The first step to learning about depression is to understand the illness. Depression is a recurrent disease usually caused by an imbalance of chemicals in the brain. There is no set level of intensity with this illness, but many different forms of it. The most common three are as follows: Manic Depressive Disorder, Major Depressive Disorder, and Minor Disorders. Manic Depressive Disorder, or bipolar disease, is one of the strongest forms of depression. It is an illness that affects over 1.2 percent of the American population. Bipolar disease changes emotions, appetite and energy levels at rapid, random rates (athealth.com). Major Depressive Disorder, or clinical depression, is the most common, and least treated type of depression.
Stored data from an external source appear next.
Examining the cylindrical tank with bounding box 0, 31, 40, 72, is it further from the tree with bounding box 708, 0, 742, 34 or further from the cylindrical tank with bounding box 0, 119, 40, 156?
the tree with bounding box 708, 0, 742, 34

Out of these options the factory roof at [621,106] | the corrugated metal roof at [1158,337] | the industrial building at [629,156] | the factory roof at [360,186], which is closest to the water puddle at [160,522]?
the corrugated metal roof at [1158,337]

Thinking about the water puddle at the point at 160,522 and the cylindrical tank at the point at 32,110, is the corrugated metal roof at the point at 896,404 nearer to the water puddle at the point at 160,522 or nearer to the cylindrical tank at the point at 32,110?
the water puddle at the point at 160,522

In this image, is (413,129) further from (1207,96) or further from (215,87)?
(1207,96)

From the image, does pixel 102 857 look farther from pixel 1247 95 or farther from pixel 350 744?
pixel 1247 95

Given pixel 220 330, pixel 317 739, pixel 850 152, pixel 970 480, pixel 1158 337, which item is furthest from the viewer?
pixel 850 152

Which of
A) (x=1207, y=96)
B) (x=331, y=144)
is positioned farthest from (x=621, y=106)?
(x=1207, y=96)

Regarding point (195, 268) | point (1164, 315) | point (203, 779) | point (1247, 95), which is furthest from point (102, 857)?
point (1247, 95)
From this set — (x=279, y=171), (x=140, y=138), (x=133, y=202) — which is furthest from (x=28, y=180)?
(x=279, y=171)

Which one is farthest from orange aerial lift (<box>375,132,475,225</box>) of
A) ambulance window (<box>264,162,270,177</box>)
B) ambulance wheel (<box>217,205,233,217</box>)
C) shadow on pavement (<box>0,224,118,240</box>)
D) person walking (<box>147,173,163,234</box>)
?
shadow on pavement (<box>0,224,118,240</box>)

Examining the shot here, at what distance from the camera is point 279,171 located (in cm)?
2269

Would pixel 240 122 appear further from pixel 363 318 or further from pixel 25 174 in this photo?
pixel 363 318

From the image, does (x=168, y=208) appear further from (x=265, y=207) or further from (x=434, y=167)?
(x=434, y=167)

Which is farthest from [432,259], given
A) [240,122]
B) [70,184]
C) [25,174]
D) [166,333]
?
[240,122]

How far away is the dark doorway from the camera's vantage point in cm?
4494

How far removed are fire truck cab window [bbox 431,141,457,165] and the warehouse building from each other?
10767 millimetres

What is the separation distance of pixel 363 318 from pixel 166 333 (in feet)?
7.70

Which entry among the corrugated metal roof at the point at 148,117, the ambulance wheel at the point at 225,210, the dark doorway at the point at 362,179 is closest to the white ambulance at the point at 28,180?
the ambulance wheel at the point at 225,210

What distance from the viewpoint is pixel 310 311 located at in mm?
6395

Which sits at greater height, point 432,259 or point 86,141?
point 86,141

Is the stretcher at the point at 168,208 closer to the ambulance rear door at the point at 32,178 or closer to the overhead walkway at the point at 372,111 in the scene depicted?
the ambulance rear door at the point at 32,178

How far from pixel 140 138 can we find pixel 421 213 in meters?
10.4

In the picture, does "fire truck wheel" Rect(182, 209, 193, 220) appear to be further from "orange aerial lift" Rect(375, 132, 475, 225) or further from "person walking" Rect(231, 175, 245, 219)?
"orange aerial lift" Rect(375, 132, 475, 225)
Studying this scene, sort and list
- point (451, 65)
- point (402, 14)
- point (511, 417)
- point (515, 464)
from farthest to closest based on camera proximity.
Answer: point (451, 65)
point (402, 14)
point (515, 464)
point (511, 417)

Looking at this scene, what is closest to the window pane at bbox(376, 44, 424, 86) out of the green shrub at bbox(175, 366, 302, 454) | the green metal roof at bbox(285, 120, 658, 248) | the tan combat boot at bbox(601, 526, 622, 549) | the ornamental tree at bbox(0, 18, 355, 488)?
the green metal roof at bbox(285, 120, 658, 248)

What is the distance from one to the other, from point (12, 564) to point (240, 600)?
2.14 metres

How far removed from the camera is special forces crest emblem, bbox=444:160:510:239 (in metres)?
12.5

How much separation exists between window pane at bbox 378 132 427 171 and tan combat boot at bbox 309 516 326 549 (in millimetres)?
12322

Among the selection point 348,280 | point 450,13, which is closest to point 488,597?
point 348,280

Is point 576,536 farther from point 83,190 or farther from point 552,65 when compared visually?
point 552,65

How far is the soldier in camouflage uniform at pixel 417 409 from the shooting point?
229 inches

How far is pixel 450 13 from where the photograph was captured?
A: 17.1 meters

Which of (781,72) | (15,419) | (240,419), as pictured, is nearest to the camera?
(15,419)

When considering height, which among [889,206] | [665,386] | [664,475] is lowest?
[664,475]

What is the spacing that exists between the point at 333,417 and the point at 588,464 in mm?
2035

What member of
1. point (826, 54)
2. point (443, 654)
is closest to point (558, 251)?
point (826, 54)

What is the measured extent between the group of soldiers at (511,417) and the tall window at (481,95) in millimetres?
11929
A person with this disorder experiences significant weight loss or increase, difficulty sleeping, fatigue, insecurity and random depressive episodes involving thoughts of suicide or self inflicted pain. The last common type of depression has numerous different causes and numerous different names. These are forms of depression that are caused by environmental factors. The most common are seasonal (depression caused by the changing of seasons… generally winter) situational (prolonged feelings of sadness and potentially harmful thoughts generated by an occurrence or life problem) and anxiety (depression caused by everyday stresses like work, school and family). Each day people are unknowingly afflicted by these types of depression… and each day they go ignored. How long can such sadness be bottled up before it overwhelms us?
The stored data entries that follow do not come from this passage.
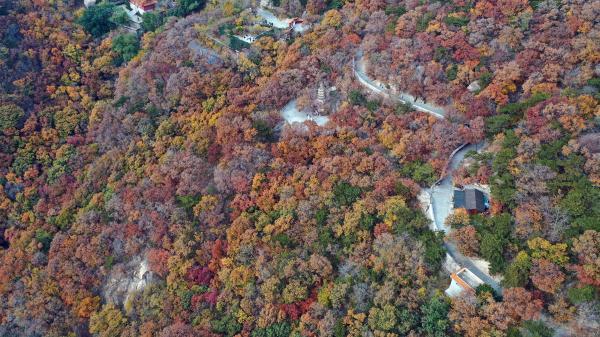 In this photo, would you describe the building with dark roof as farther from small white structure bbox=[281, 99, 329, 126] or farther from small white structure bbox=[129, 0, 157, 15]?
small white structure bbox=[129, 0, 157, 15]

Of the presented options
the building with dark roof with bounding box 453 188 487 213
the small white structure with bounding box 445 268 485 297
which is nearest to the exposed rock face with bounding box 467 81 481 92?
the building with dark roof with bounding box 453 188 487 213

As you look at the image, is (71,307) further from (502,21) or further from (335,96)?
(502,21)

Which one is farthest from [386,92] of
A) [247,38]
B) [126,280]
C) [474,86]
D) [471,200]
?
[126,280]

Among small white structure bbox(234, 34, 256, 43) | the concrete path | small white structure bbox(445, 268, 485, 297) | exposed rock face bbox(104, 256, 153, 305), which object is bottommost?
exposed rock face bbox(104, 256, 153, 305)

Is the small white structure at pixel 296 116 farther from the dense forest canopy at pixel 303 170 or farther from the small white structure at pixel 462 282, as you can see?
the small white structure at pixel 462 282

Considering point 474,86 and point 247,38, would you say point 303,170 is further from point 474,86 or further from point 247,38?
point 247,38

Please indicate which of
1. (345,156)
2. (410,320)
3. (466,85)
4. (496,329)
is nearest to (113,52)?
(345,156) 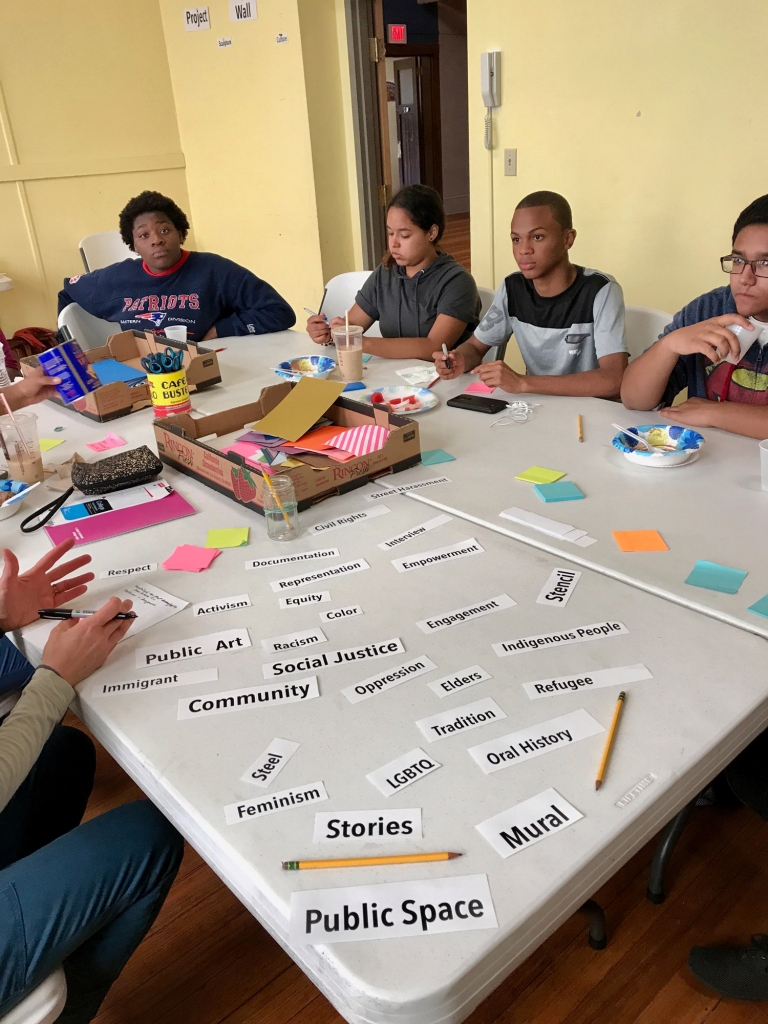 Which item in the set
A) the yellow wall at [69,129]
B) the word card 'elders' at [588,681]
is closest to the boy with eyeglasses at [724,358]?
the word card 'elders' at [588,681]

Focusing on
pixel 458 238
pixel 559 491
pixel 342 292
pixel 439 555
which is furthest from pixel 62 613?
pixel 458 238

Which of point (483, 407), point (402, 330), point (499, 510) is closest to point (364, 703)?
point (499, 510)

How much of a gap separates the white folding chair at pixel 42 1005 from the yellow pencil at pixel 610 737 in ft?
2.16

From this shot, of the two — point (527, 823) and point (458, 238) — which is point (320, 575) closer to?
point (527, 823)

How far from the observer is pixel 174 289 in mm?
2943

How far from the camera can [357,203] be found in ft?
15.0

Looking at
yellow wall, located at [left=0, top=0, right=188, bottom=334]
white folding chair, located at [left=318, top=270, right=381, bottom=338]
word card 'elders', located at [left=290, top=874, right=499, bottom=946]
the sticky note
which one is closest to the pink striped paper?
the sticky note

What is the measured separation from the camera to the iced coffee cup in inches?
86.4

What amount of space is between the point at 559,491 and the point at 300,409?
0.65 metres

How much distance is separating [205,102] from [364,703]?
4.91 m

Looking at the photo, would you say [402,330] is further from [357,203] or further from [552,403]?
[357,203]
There are many different causes of depression, exemplified by the many different degrees of it. Simple things like weather, types of food, past experiences, even school, can cause it. Studies show that in the winter, cases of depression increase in number due to the lack of vitamin C from less exposure to the sun. Eating bountiful amounts of junk food, or foods lacking in iron, protein or vitamins, can also cause mild forms of this illness. Any kind of stress can also take part in causing depression (psychologyinfo.com). It is easy to see how any one of us in the world could be depressed at any moment. More severe cases however cannot be understood as easily. The most serious cases of depression can lead to suicide, loss of interest in life and social activities, drug and alcohol abuse, and many other dangerous, permanent issues. It is hard to understand how to help these people, and to understand why such side affects could occur. As a society, it is our responsibility to help these afflicted people understand their emotional changes are not always self-inflicted. Chemical imbalances in the brain are generally caused by genetics (psycologyinfo.com). Depression, in these cases, cannot be helped or “held in”, and must be treated with a medication or therapy to assist in creating a function-able, live-able lifestyle.
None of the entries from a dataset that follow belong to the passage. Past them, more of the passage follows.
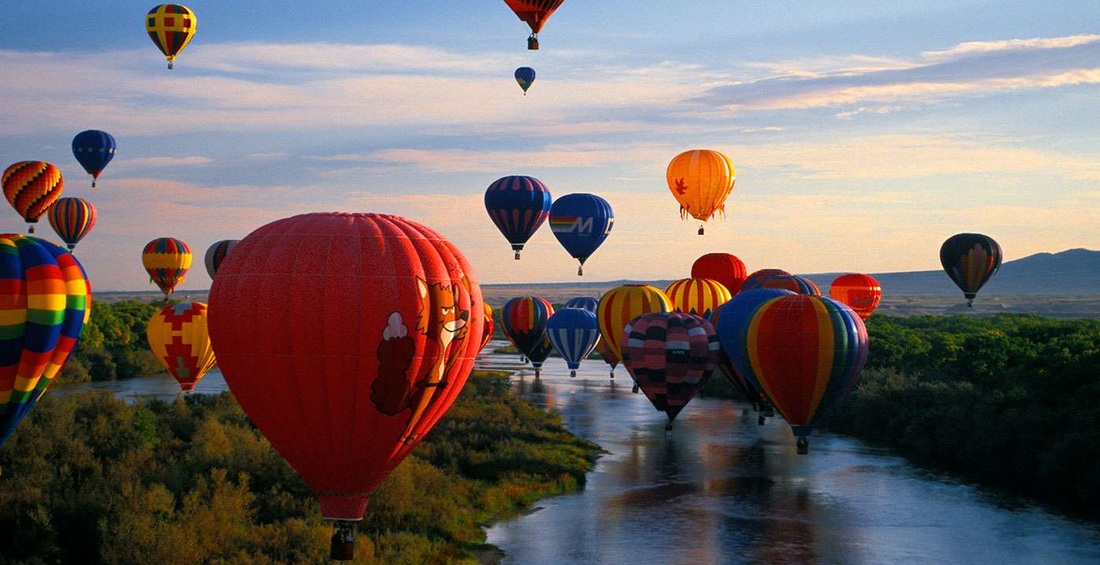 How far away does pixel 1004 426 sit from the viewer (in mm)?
40438

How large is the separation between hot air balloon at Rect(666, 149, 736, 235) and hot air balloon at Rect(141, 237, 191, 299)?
33594 millimetres

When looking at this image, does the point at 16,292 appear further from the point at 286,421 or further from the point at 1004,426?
the point at 1004,426

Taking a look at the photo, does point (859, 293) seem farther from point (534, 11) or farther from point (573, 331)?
point (534, 11)

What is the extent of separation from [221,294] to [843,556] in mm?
17524

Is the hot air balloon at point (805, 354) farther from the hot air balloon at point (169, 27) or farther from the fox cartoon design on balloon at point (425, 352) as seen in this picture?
the hot air balloon at point (169, 27)

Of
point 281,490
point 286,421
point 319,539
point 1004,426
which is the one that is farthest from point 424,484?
point 1004,426

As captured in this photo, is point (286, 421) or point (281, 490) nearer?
point (286, 421)

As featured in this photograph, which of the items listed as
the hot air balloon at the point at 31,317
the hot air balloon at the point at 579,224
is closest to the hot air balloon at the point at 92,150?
the hot air balloon at the point at 579,224

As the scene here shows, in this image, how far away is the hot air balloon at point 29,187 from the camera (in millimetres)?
68750

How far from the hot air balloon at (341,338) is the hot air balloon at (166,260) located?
5612cm

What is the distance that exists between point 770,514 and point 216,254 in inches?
1759

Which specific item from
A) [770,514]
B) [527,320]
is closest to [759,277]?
[527,320]

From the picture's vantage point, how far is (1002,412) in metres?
42.4

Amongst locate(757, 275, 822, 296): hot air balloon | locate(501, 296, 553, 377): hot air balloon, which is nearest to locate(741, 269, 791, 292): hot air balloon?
locate(757, 275, 822, 296): hot air balloon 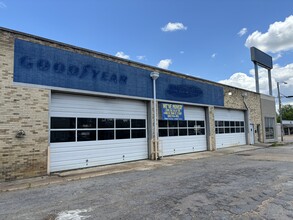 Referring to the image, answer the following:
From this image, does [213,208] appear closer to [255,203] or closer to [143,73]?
[255,203]

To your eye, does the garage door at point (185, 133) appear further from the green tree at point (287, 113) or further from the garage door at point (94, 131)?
the green tree at point (287, 113)

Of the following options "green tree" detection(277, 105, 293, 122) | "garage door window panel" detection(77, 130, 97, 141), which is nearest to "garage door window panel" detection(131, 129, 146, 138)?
"garage door window panel" detection(77, 130, 97, 141)

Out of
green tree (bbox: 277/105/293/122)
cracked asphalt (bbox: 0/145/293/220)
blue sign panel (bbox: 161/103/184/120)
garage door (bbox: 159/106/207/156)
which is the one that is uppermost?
green tree (bbox: 277/105/293/122)

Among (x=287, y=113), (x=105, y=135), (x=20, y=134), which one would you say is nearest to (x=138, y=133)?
(x=105, y=135)

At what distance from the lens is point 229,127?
22.4 metres

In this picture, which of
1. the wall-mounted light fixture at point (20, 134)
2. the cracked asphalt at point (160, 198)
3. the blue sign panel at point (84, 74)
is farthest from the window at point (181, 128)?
the wall-mounted light fixture at point (20, 134)

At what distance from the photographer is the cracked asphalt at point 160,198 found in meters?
5.01

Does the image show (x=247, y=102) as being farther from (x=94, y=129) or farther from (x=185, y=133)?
(x=94, y=129)

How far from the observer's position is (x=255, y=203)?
5570 mm

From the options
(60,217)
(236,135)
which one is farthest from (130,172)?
(236,135)

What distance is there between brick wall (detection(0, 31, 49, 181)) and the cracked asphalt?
187 centimetres

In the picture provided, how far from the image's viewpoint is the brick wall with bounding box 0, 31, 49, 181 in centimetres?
871

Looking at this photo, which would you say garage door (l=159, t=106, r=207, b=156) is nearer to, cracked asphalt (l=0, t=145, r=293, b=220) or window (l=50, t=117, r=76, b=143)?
window (l=50, t=117, r=76, b=143)

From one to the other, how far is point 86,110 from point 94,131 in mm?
1196
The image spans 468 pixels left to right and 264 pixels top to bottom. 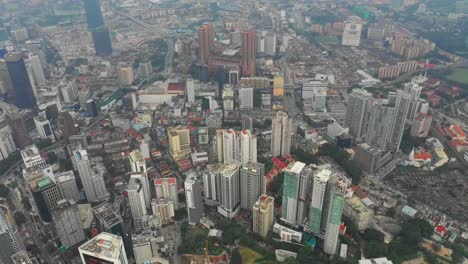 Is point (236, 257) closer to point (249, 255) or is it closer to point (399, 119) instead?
point (249, 255)

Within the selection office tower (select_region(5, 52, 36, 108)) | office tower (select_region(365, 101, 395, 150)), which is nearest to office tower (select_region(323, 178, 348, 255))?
office tower (select_region(365, 101, 395, 150))

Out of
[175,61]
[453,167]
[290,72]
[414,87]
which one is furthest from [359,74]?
[175,61]

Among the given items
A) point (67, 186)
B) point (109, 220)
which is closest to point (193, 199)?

Over 2 million teenagers are affected by depression in America as you read this (Lexapro.com). As one person… one teenager, there is much you can do to reduce this number. By changing simple things in your own life, you can become one less teenager affected by depression. Eating healthier and increasing physical activity, things we have heard all our lives, reduces the risk of becoming depressed marginally. Allowing free time to relax and do things you love without stress is also shown to reduce the effects, and the risk of falling down the slippery slope of depression (Lexapro.com). Working on yourself however is only the beginning. People that already have it are still struggling with their disease. Most forms of depression are recurrent and not totally cure-able (Lexapro.com). Once you have helped yourself, it is time to help others. Stand up and do something if you see someone showing signs of depression. Talk to them, love them, and get help if it is serious. Be a friend to people you would not normally talk to. Be the person they know by your kindness. It is surprising what a small compliment or kind word can do to someone’s day.

By becoming one less teenager to have depression, we are one step closer to a goal of one love. One love for ourselves, for each other, and for the world. Being depressed will get us nowhere, and it can be helped. As one teenager, you can be the cure to someone’s sadness. Be the hope in their times of hopelessness. By learning more about the sickness and understanding the causes and effects of it, we can learn to see depression in our own lives and others. Through becoming one less and making a conscious effort, we can reduce the number. Look for that girl whose loneliness isn’t always seen. Show her she is not alone… and she is loved. Together, with one universal love in our hearts, we can become one less society affected by depression.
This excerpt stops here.